Despite the onward unstoppable march of super technologies that we're all now experiencing (and enjoying), nothing has changed the world quite like paper has for so many people and for so many years.
Used in almost every form of communication from love letters, declarations of war and peace, trade treaties, money, bank statements, certificates, maps, instruction manuals, printed art, paintings, books. legal documents, shopping lists, product packaging, newspapers, receipts, shopping bags, labels, food storage; the list goes on and on.
Paper is available to almost every single person on the planet, it costs next to nothing. It's portable, durable, easily stored, it's biodegradable and incredibly to use.
The mass production of paper began in China and Japan and spread to southern Europe very early in the 11th century where it was all made by hand until the 19th century with the introduction of steam driven papermaking machines.

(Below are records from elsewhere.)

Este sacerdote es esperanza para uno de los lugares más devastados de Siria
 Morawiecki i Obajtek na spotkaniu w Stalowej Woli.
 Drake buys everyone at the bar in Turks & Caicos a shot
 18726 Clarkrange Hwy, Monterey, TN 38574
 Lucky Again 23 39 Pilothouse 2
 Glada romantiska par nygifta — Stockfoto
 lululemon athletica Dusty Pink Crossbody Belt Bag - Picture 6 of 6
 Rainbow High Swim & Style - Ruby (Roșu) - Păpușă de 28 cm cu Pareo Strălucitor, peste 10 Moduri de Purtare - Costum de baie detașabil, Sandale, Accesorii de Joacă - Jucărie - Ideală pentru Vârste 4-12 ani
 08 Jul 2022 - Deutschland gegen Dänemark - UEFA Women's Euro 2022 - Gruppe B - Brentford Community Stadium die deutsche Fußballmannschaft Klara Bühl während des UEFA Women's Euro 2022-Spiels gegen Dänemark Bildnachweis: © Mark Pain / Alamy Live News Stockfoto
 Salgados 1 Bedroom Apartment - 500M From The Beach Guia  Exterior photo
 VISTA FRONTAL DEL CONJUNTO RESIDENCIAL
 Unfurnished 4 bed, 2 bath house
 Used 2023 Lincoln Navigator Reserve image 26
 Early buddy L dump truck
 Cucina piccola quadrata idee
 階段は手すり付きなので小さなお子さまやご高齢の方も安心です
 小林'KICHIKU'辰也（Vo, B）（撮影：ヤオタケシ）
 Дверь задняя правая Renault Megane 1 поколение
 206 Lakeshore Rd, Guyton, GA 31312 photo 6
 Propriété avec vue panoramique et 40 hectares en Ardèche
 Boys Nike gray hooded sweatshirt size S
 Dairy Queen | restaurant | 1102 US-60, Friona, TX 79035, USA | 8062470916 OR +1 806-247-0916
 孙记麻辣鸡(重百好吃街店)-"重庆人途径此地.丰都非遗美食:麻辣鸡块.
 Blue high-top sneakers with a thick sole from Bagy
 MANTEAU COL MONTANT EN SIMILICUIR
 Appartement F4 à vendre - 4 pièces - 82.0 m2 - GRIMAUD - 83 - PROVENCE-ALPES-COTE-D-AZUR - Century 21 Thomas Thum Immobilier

Where once it was a ubiquitous commodity, handmade paper is now the product of cottage industries dotted around the globe made by a handful of dedicated women and men committed to the upkeep of the craft. Up until the 1800s, handmade was the only way.
The antique 18th century papers we sell were produced just a few years before papermaking machines came into existence and are some final examples of handmade, everyday paper. The vintage 19th and 20th century papers we sell are pretty much the last of the very very high quality papers made using best quality fibres and made in largeish volumes, on a commercial scale. Manufacturers such as J Whatman, Hayle Mill represented the very best of handmade paper. Yes, there are a handful of mills still operating and producing superb papers but not on the scale that say, Whatman did.
What's so special about vintage and antique paper?
Firstly there's the rarity; good quality old paper is so hard to find.
Secondly, handmade papers for fine art were made by time served craftspeople and the quality was/is fabulous. Not just the way it was made but the materials and fibres that were used to make them.
Most of the fibres in the old papers were linen or cotton rag. That is to say they used recycled clothing to make the pulp. They cut them up and beat them for days to make the base fibre. These fibres were longer and stronger than the fibres we use today to make paper and so they performed in better, they made better paper.
Today's papers are usually made with wood pulp or something called cotton linters. Cotton linters are a by product of the cotton industry and they are neither as long or as strong as rag fibres, therefore the sheets made with these tend to be inferior.
Thirdy is the sizing. Sizing is an added ingredient that allows water based media (paint and ink) to sit on the surface of the paper. Without sizing, paints and inks seep into the paper and blot. The most effective form of sizing is gelatine which is an animal product. Nowadays most papermakers use a vegetable starch or a chemical called Aquapel. Aquapel is a product used to coat windscreens of vehicles to help drive away water. It works as a sizing agent but not as well as gelatine.
Here's a short 3 minute film showing you the process of making paper from recycled rag.
Our selection of paper ranges from the 1850s through to the 1980s. We specialise in papers from three mills:
J Whatman paper
J Green & Sons (including Hayle Mill & Barcham Green) -
Usage - most of these papers were marketed as Drawing Papers but were meant for multipurpose use from watercolour, printmaking, pen & ink etc. We have seen most of these papers used successfully in watercolour, letterpress, etching, screenprint, drawing, pastels and even digital print.
J GREEN & SONS
The Green family were engaged in paper making from the 17th century until 1987 and produced papers under various names including; J Green & Sons, Barcham Green, FJ Head and Hayle Mill.
Responsible for making many much loved papers of incredible quality, these are still highly sought after by artists, printmakers and bookbinders today.
Made variously from linen and cotton rag, these are gelatin sized and of the highest possible quality. The condition of the papers are good to excellent with some sheets showing some minor signs of age.
J Whatman paper was used by the artists Constable, Rossetti, Picasso, Henry Moore, Thomas Gainsborough and J M W Turner. William Blake used Whatman paper for four of his illuminated books. Audubon's Birds of America was painted on Double Elephant J Whatman paper. Wellington wrote many of his famous dispatches on J Whatman paper and Napoleon sat on the island of St Helena and wrote his long and detailed will on J Whatman paper only three weeks before his death in 1821. George Washington signed many state documents on J Whatman paper and Queen Victoria chose J Whatman paper for her personal correspondence. In the 1930's Soviet leaders used the paper to publish their five year plan for the future of the USSR while the Peace Treaty with Japan was signed on Whatman paper at the close of World War Two.
The listings detail the size in mm, inches and traditional paper size (eg Medium, Imperial, Double Elephant etc.) The weight is in gsm and has been calculated by measuring and weighing the sheets
Heritage papers made in the 1950s and 1960s by one of the most important English paper makers; W.S. Hodgkinson & Co., Ltd. at the Wookey Hole mill in Somerset.
These have been tried and tested with: watercolour, letterpress, screen printing, digital inkjet, drawing, pastel, pen & ink, marbling.